As generally described herein, the hull 32 can be manufactured separately from the truss 34. Due to the large size of the combined structure of truss spar hull platform, comparable to a 70-story building high and 15-story building wide, the truss 34 could be made at a separate fabrication yard from the hull 32, and brought to the hull 32 for coupling. It is envisioned that the coupling occurs when the two sections are disposed horizontally due to the platform size. Further, the coupling is envisioned to occur when the two sections are floating in a quay or other calm water area nearby to the fabrication yard.

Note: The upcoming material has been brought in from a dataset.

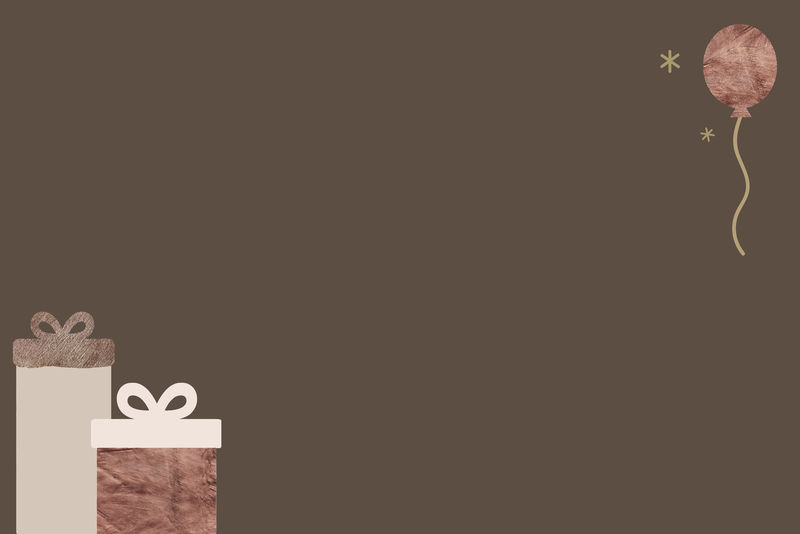 基于棕色背景向量的新年礼品盒和气球框架设计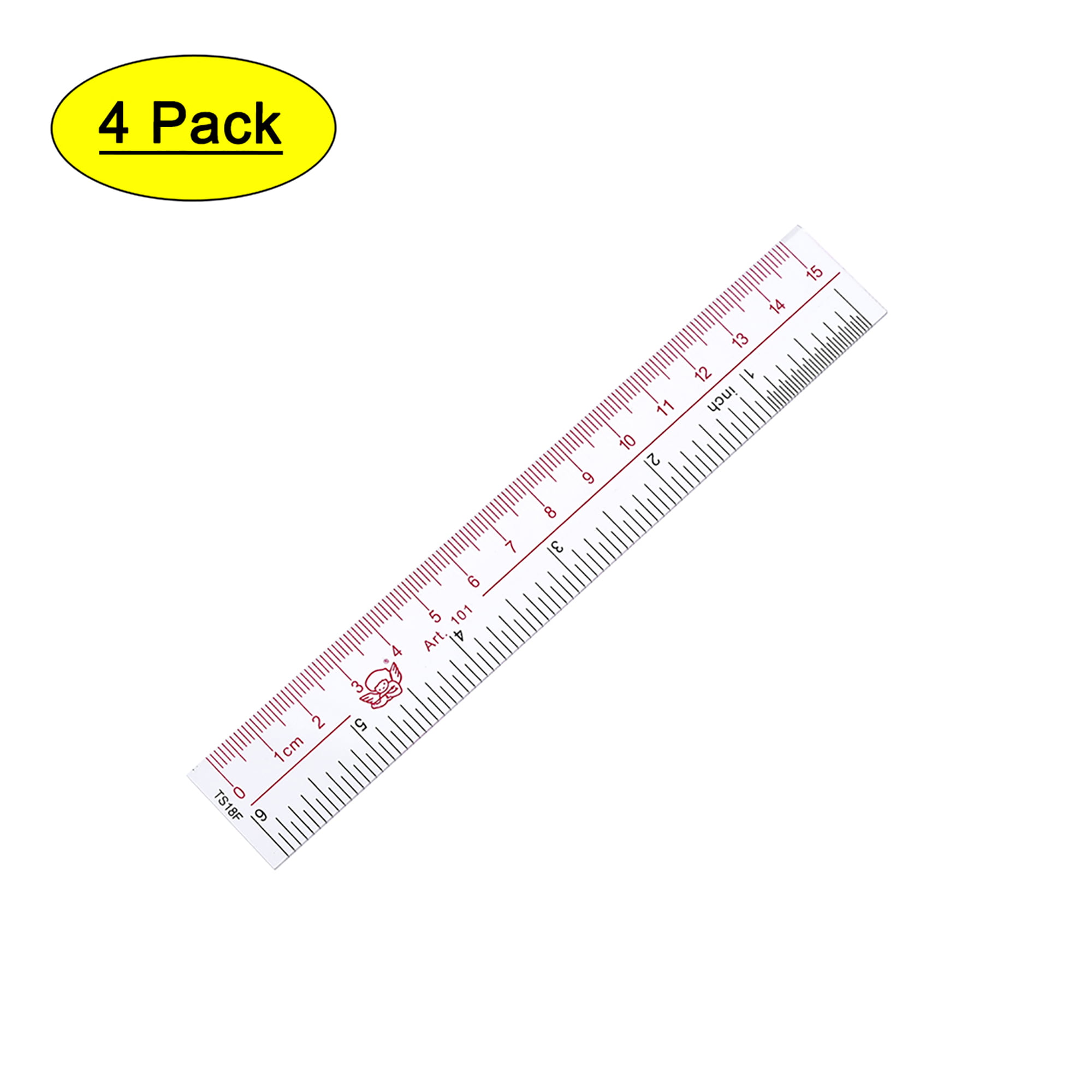 W-20 Translucent Color Inches/Metric Details about    6" 10ths Transparent Graph Ruler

Generally, a portion of each cross-section of the truss 34 and hull 32 will be disposed below a water level 8 with a majority of each cross-section disposed above the water level 8.

The disclosure provides an innovative system and method of coupling the truss 34 with the hull 32 without requiring intricate alignment between multiple, legs, bracing, and other components. Further, the innovative system and method does not require underwater welding nor sealing around members to evacuate the water within the sealed volume for welding under dry conditions but below a water surface. The skirt tank 42 is able to provide buoyancy to the truss and yet be coupled permanently to the hull 32 and form a structural portion of the truss 34 with the legs 50 and bracing 52. The skirt tank 42 can be open to allow risers, umbilicals, and other components to be placed therethrough from the hull down through the lower portion of the truss when deployed.

FIG. 3 is a lower end schematic view of a lower deck of the skirt tank of the truss. A portion of the skirt tank 42 and a leg 50A is disposed above the water level 8 and a portion of the skirt tank 42 and a leg 50B is disposed below the water level.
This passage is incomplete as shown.